Acta Physiol Scand. 1976 Oct;98(2):232-6.
A good read:
Movement That Matters, by Paul Chek
Tags: CNS
What a great study! My bodyworker would always say the same thing, when working on one side of the body, it would translate to the other. So by the time he got to the other side, it was already benifitting from what he did on the first side.
I also really like what you said about similar movement patterns. I was just training w/ some other people. They were all great runners and when we sprinted, the housed me. One would naturally think that when we got to the burpees, pushups, mountain climbers and a bunch of other level changes, they would still house me. Nope, I housed them. Why? Because I train those movements more often than they do. I’ve developed that type of movement in my body while all they have developed is the sprint.
Great article H!
Holy moly I was at a conference yesterday that just went over all of this. And they also said if you fixed your weakest link, it made everything else better, too, even if you did not train it. LOVE that stuff. Right on, mama!!:o)

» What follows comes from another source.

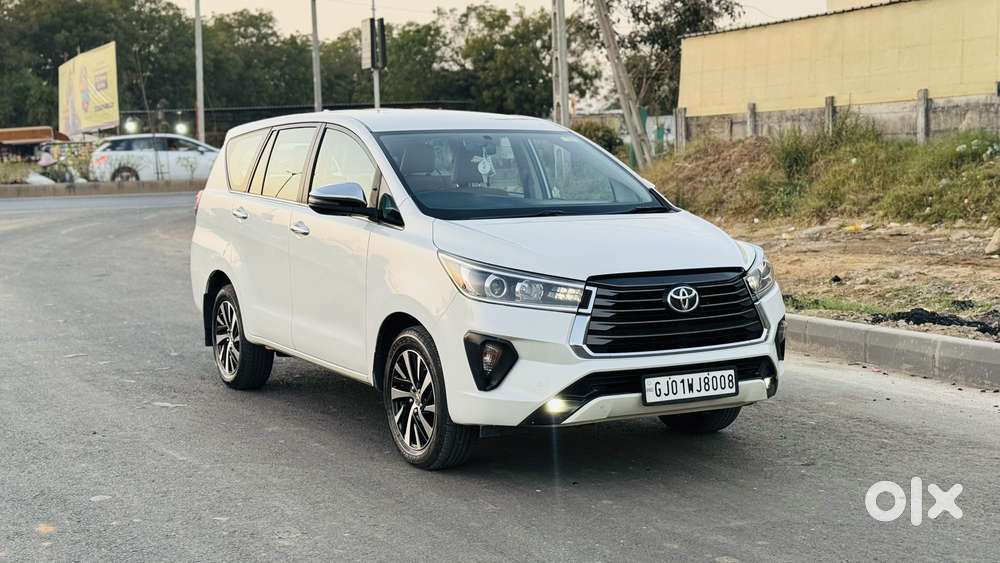 Toyota Innova Crysta 2.8 Zx At, 2022, Diesel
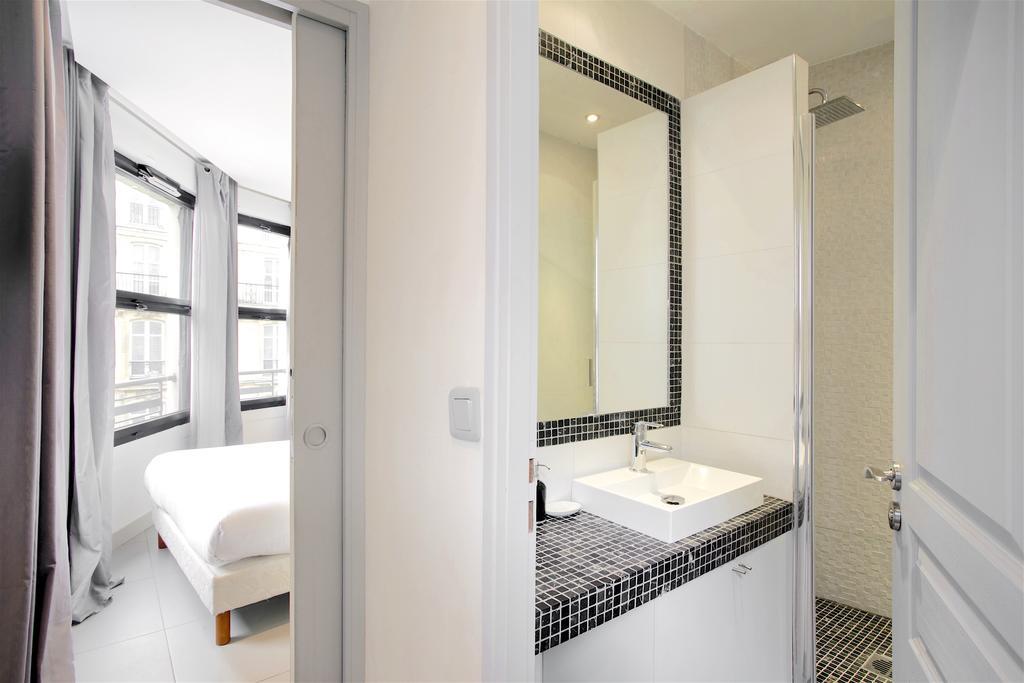 Apartment Saint Lazare Terrasse 3 *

Thanks, Guys! The human body is just one amazing machine, isn’t it? On the heels of writing this post early last week, I attended a license renewal workshop chock full of info related to the topic, specifically as it appears in injuries and healing. Too cool. Such an obvious analogy to training and per4mance. And maybe even more so to successful living and aging overall. If you want to go there, that is…
Great posting! Thinkin’ “The Weakest Link”!
Hey Monica! Absolutely. Can’t you just hear your Central Governor (that makes sense if you saw the other CNS posts, LOL) saying “You’re the WEAKEST LINK!” to some joint in your body?